Types of analysis and data collection

  • Customer Survey Data

Make customer survey data work for your call center operations. More often than not, this crucial data analysis is missing from customer care operative training. Customer survey data can also be integrated into data analysis processes to try and come up with predictive outcomes for call center interactions.

  • Agent Data

What happens during a phone call, from start to finish, can all be stored as specific data points. Storing this information properly using specific parameters and then using them to come up with a call-analysis can help your customer care operations understand exactly what is working or not working with real-time calls. Adding individual customer care call history to this data can help provide a bigger picture, and help call centers see what has worked historically, or what hasn’t, and come up with a strategic plan to improve operations.
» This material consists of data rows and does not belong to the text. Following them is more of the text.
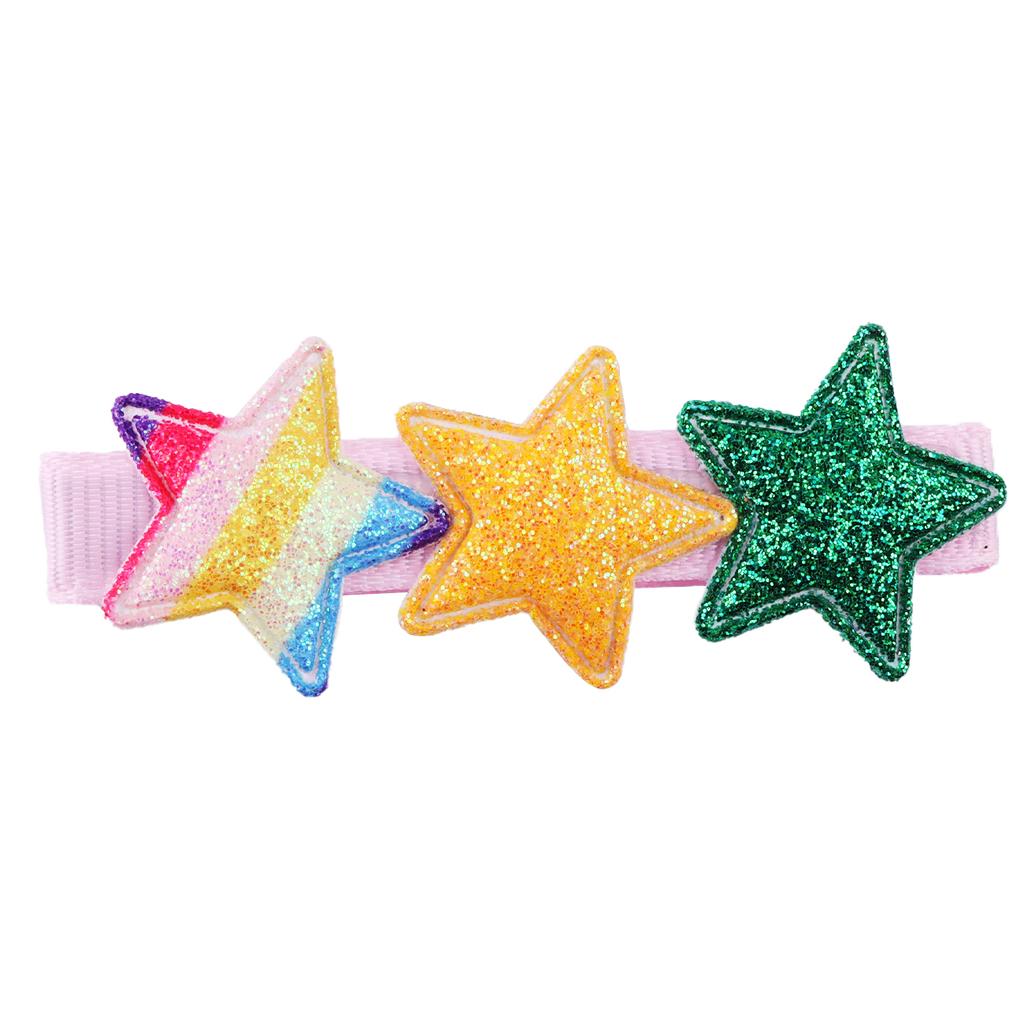 Glitter Star Hair Clips for Girls Sparkly Rainbow Clips Kids Hairpins Star Shaped Hair Barrettes Headwear Hair Accessories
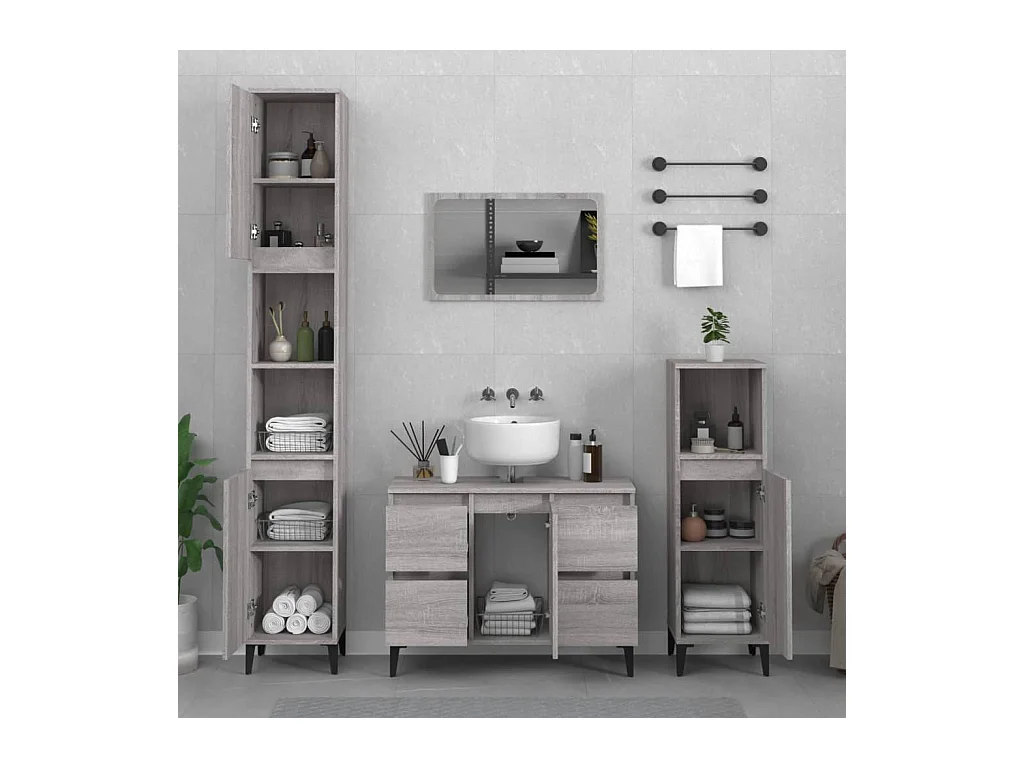 Ensemble de meubles de salle de bain 3 pcs Sonoma gris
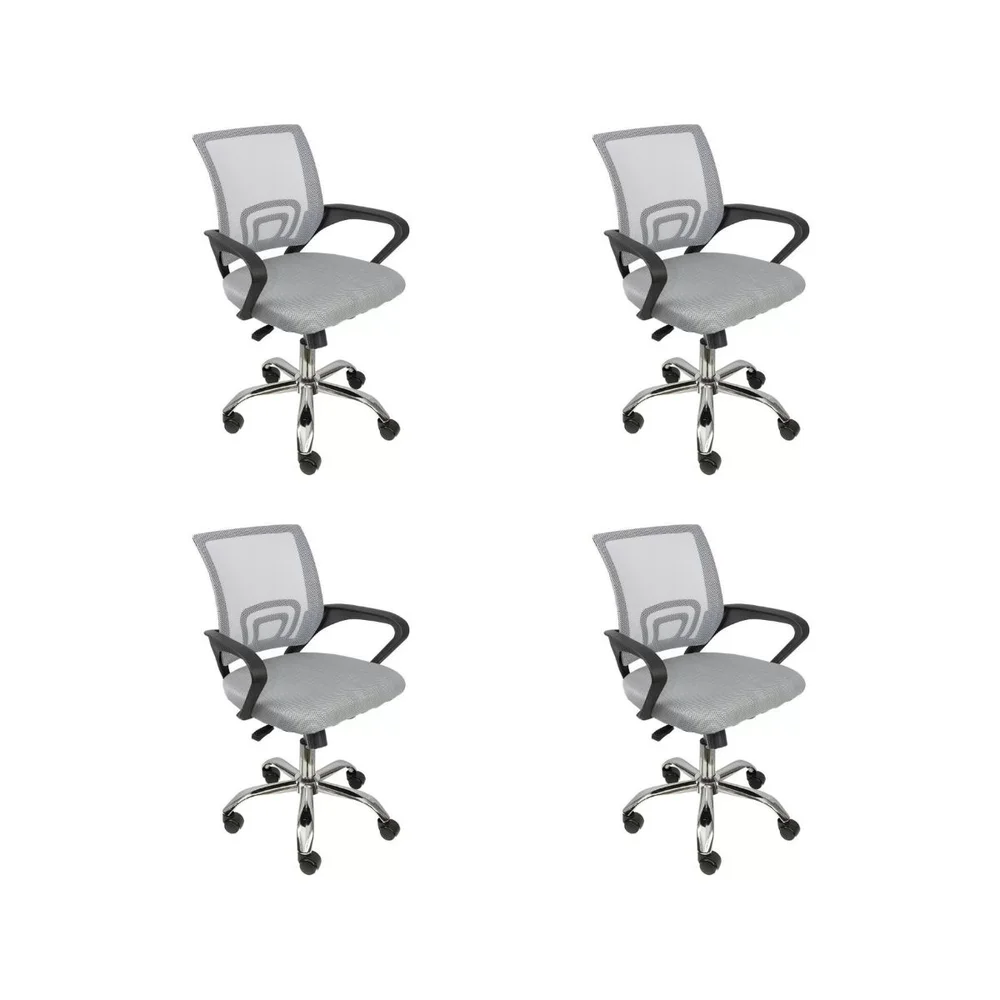 Kit 4 Cadeiras De Escritório Oficial Webshop Begonia, Suporta 120 kg, Mesh, Ergonômica, Cinza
  • Analysis across multiple channels

Most customer care services have now, out of necessity and for effectiveness, branched out into social media. If your customer care operations consist of responding to people across social media channels like Facebook, Twitter, Instagram, or more. All of the analytics related to those interactions need to be complied with call-data to provide an integrated, multi-channel picture of how your customer care operations are working. Such data will help you see exactly what the ROI is for customer care, and how to increase it through operations on single and multichannel levels.

Analyse Outcomes

  • Make analytics outcomes actionable

A lot of the time, analytics reports remain simply reports. However, with new programs that work in real-time, it is possible to have analytics inform actions quite accurately. What this means is that good data collection, and the translation of it into actionable outcomes and training for customer care operatives can actually help increase positive interactions. Such data could help an operative find a way to handle a consistently difficult customer in a more scientific manner, by knowing what does not work and trying other avenues for interaction.

  • Set Goals

Beyond making data outcomes actionable at the operative levels, data outcomes need to be reflected in strategic long-term and short-term goals. Data can help you make global organizational decisions that affect manpower, industry direction, and more. If using multiple channels, it can let you know which channel works best for you and how to improve performance on the others. Data analysis can thus help you set warranted and achievable goals for your organization.

  • Employee engagement

If data is used properly in predictive analysis, it might even be possible to drive certain customers to certain employees. Instead of a one-size-fits-all model, this type of personalization will ensure customer satisfaction while playing to employee strengths and preventing employee frustration. Moreover, data can also help you route calls to specific agents based on customer history. If someone interacts with familiar agents throughout their interactions with your country, they’re more likely to maintain that relationship.

  • Close More

While “closing” is terminology more directly associated with sales and not customer service, it is still applicable to the latter. Data analytics can help create personalized customer profiles that can enable call center operative to anticipate the customers’ needs even before the call starts properly. “Closing” the deal in call center operations can become easier with customer engagement analytics, with agents knowing when to upsell, offer services, qualify customers, and offer varied customer service opportunities.

Using data-driven analysis methodologies in a call center can augment operations positively in many ways. That said, the need for data and analytics is now no longer an option, but a necessity. Without data integration from multiple channels or an analysis of call center processes, call center operations would cease to function effectively. To stay competitive, and to offer stellar customer service, data-driven call center operations are essential.